Work to complete =>
Repeat, word for word, every line from the line holding "Photo of Tasty" through the final line of the entries below. Skip all pictures.

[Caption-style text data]
◇ ◇ ◇ ◇ ◇

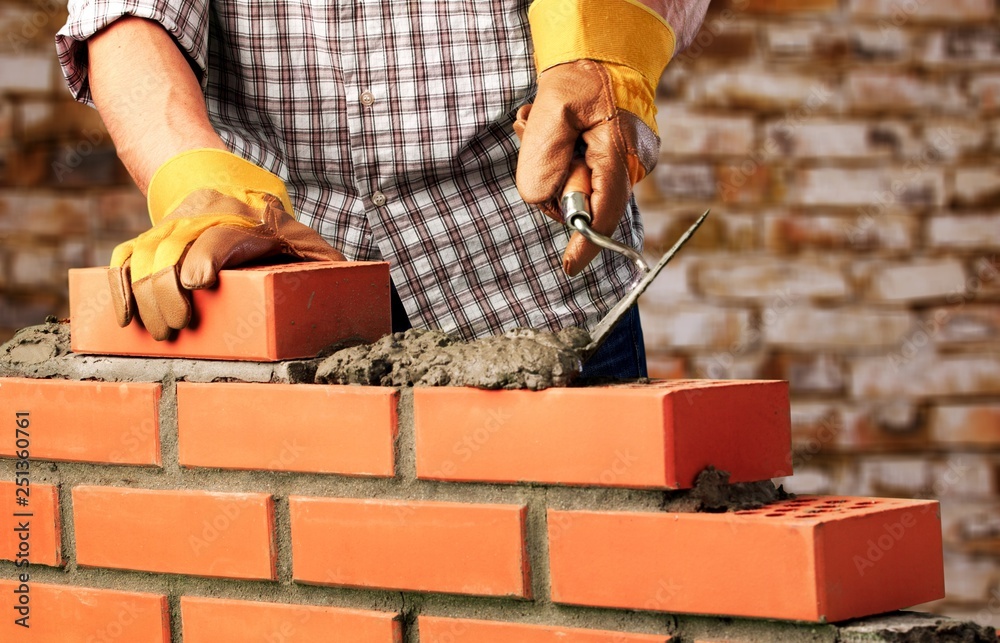 Worker builds a brick wall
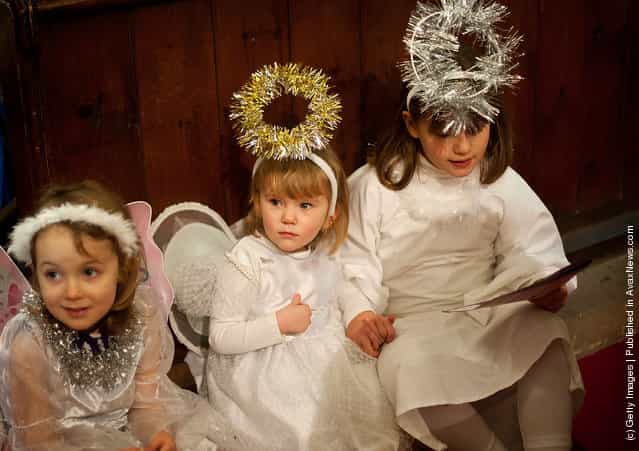 Children perform during a traditional Christmas Nativity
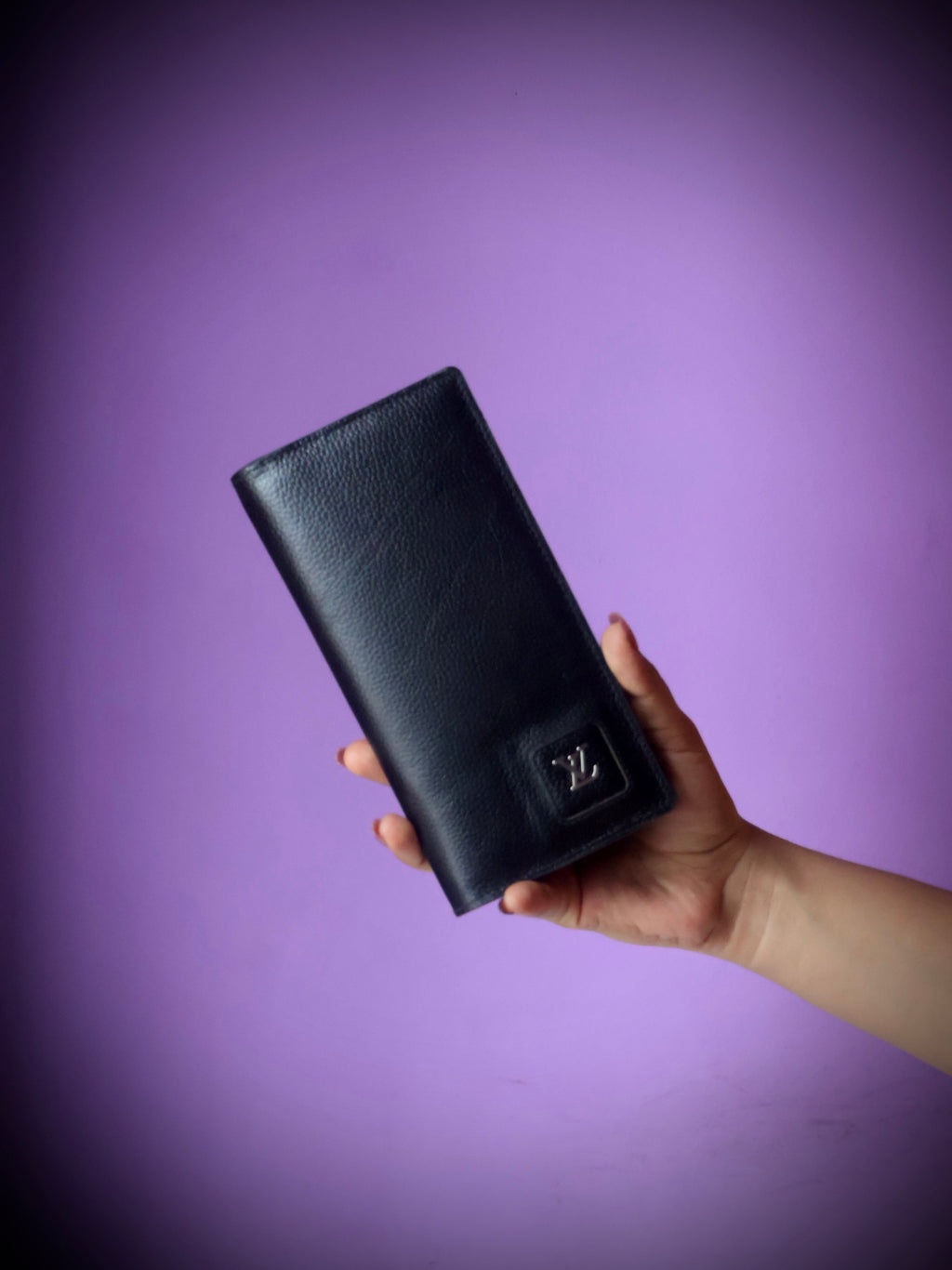 Premium cow leather long wallet black - front view with embossed logo clasp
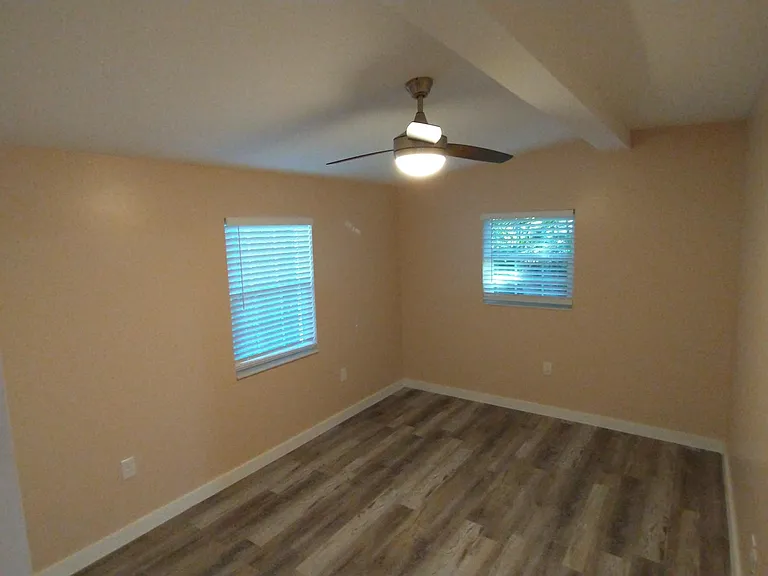 Second bedroom with architectural beam and ceiling fan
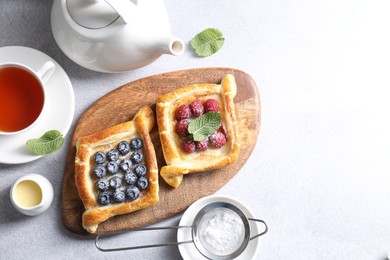 Photo of Tasty puff pastries with berries and tea on white table, flat lay. Space for text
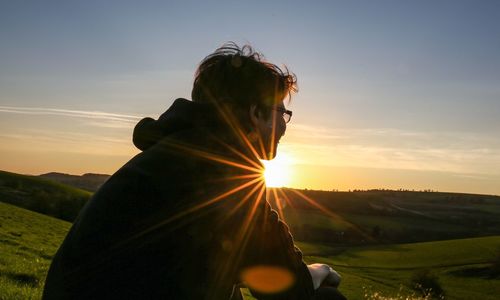 Woman on hill against sky during sunset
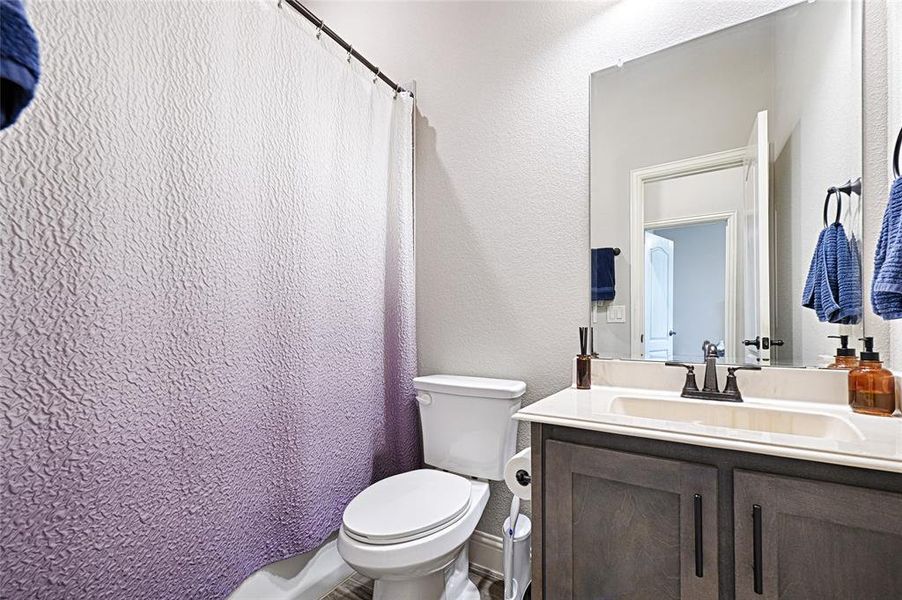 Bathroom featuring vanity and toilet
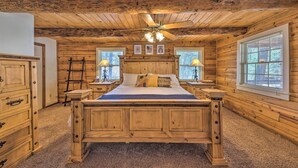 Camera da letto in una baita di legno con un letto grande, due comodini, una ventola a soffitto e due finestre con persiane.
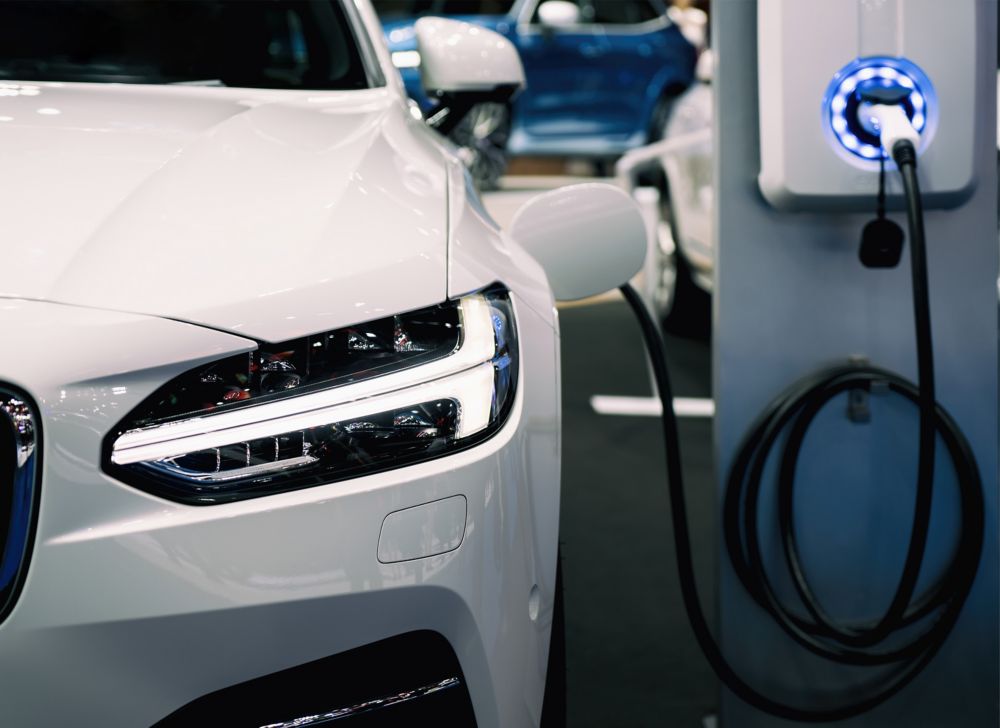 A white electric vehicle is charging while parked.  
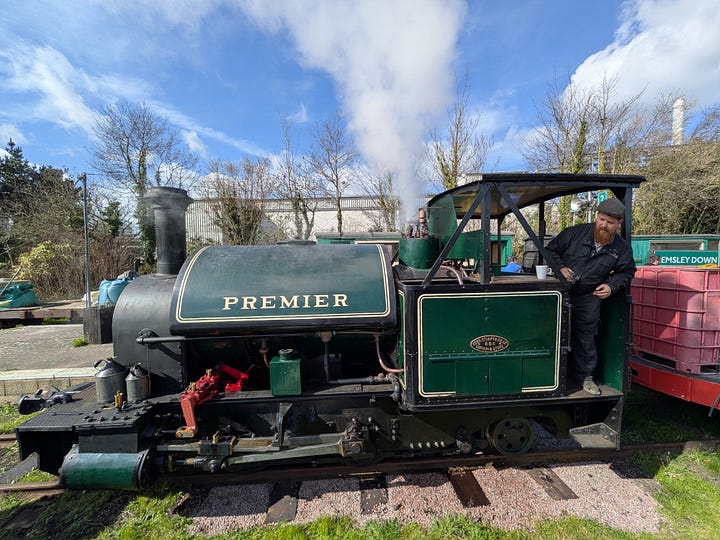 A small green steam train and some wagons, with blue sky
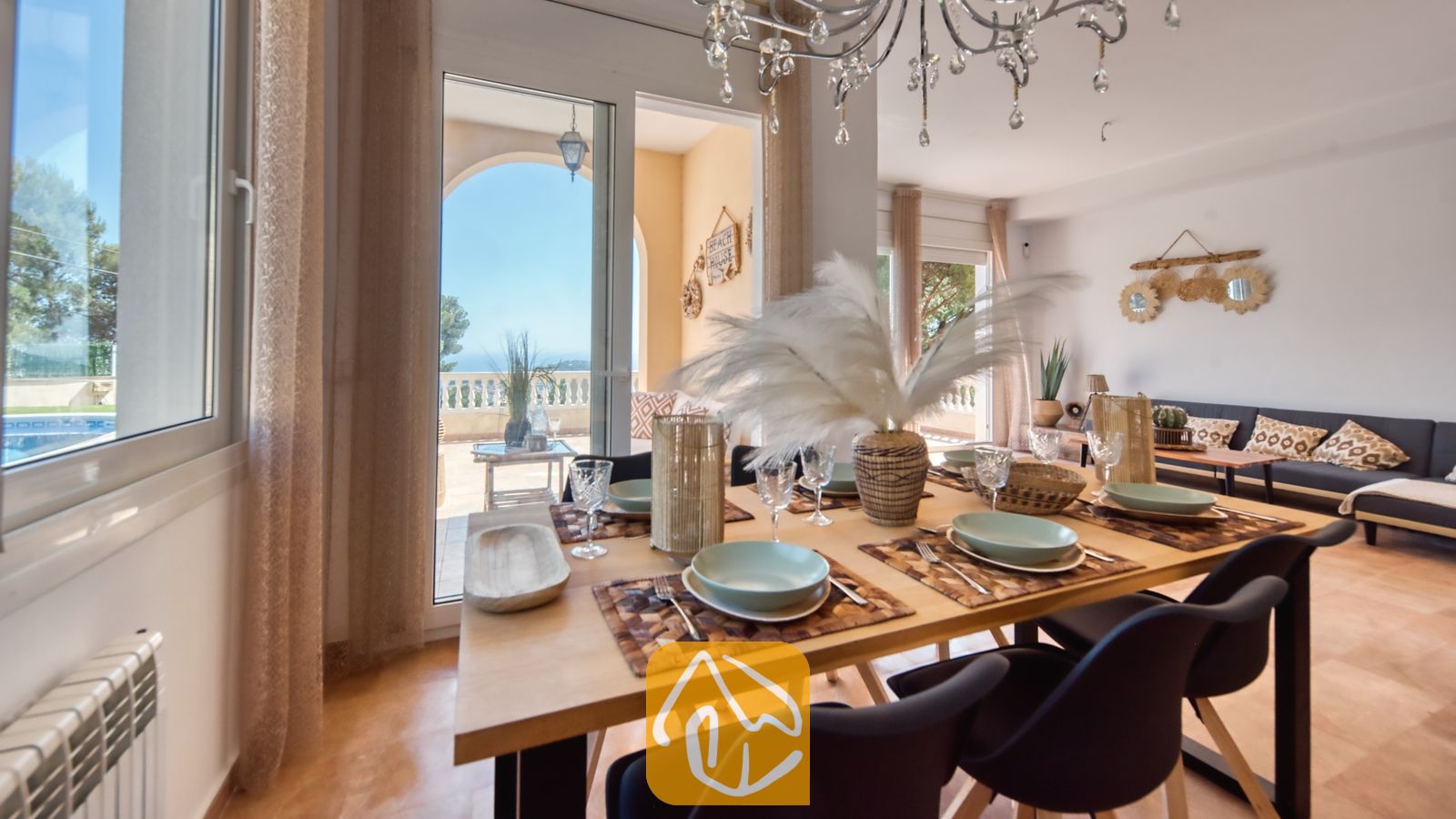 Juego de comedor de madera con servicio de mesa, cristalería y un gran centro de mesa de plumas, con puertas de cristal que se abren a una terraza soleada en Villa Ibiza.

◇ ◇ ◇ ◇ ◇

Answer to this problem =>
 Photo of Tasty puff pastries with berries and tea on white table, flat lay. Space for text
 Woman on hill against sky during sunset
 Bathroom featuring vanity and toilet
 Camera da letto in una baita di legno con un letto grande, due comodini, una ventola a soffitto e due finestre con persiane.
 A white electric vehicle is charging while parked.  
 A small green steam train and some wagons, with blue sky
 Juego de comedor de madera con servicio de mesa, cristalería y un gran centro de mesa de plumas, con puertas de cristal que se abren a una terraza soleada en Villa Ibiza.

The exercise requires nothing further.